What does this case mean for you?
- Properties which the parties treated as a marital home for a long time, but that they don’t currently live in at the time of divorce, are covered by section 112(10)(a)(i), as are the parties’ last place of residence before divorce, which they used as a marital home.
- Say, for instance, that a married couple live for 25 years in a property they bought before marrying, which they use as their marital home. Their adult children leave home, and the married couple move to a small apartment, also acquired pre-marriage. A couple of years later they divorce. In this case, both the last place of residence (the apartment) and the first property they lived in are treated as marital property by the Women’s Charter.

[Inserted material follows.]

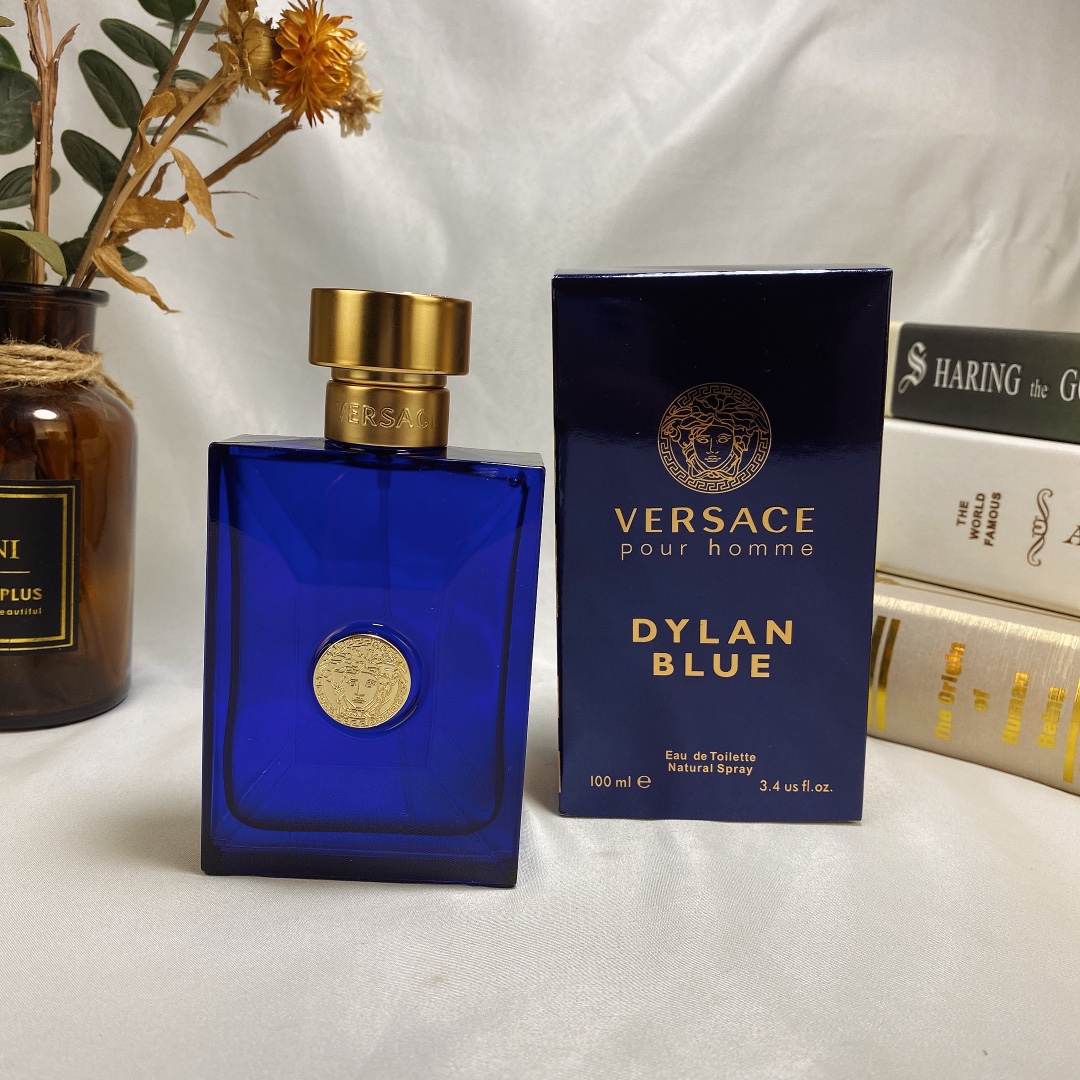 Versace Dylan Blue Eau de Toilette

Just because the parties no longer live there, it doesn’t mean that the house they were in for 25 years as the cradle of their family life should not be treated as a matrimonial asset.
- The court will make their decision based on the facts and circumstances of the case that are presented to them.

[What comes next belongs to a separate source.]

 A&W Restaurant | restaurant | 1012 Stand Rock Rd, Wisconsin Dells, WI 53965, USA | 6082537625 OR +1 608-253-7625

- Though the courts have said that an asset can remain a matrimonial asset even when the parties don’t live in it, that in itself doesn’t always mean that such a property has to be divided exactly as other assets acquired whilst married are. Courts having to decide about matrimonial assets under section 112(1) have the discretion to divide them according to however they see it most equitable to do so. They’ll bear in mind the nature of the asset, the length of time the parties ordinarily used or enjoyed it, and it was paid for (in other words, whether it was partially paid for during the course of the marriage).
In the case of TND v TNC [2017] SGCA 34, although the court said the property was a matrimonial home because the family had lived there, as it was only used for just over a year, the husband was entitled to a higher share, as he had made higher direct contributions.
Conclusion – at what point should matrimonial assets be valued?
Parties divorcing will want to know what is the operative date to be used to determine the asset pool and value those assets? This is a key question for three main reasons:
- The spouses may have already separated, prior to the divorce proceedings, and no longer intend to jointly accumulate matrimonial assets.
- There are 2 stages to divorcing in Singapore: to end the marriage, parties first must obtain an Interim Judgement, and then the court will hear and rule on ancillary issues such as how to divide assets.
- In general, it takes about a year to finish a divorce in Singapore. It usually ends when the court concludes the ancillary matter hearing.
Of course, while the divorce process progresses, the asset’s value might fluctuate. Another possibility is that assets may increase or decrease in value due to the stock market, or bonuses awarded, or the crystallisation of share options.
This is why the most important question for many people is: what is the cut-off date at which the assets in the asset pool should be determined and valued?
There are four possible answers to when this date should be:
- The date of separation
- The date they file for divorce
- The date the obtain Interim Judgement
- The date the ancillary matters hearing is held.
In the case referred to above of TND v TNC, the Court of Appeal stated that “the ancillary matter hearing date is the one that must be used when valuing the matrimonial assets”.
Therefore, unless parties can persuade the court that a different date should be used, then all marital assets will be valued at the very end of the divorce process – when the ancillary matters hearing occurs. This is important for family litigants to bear in mind.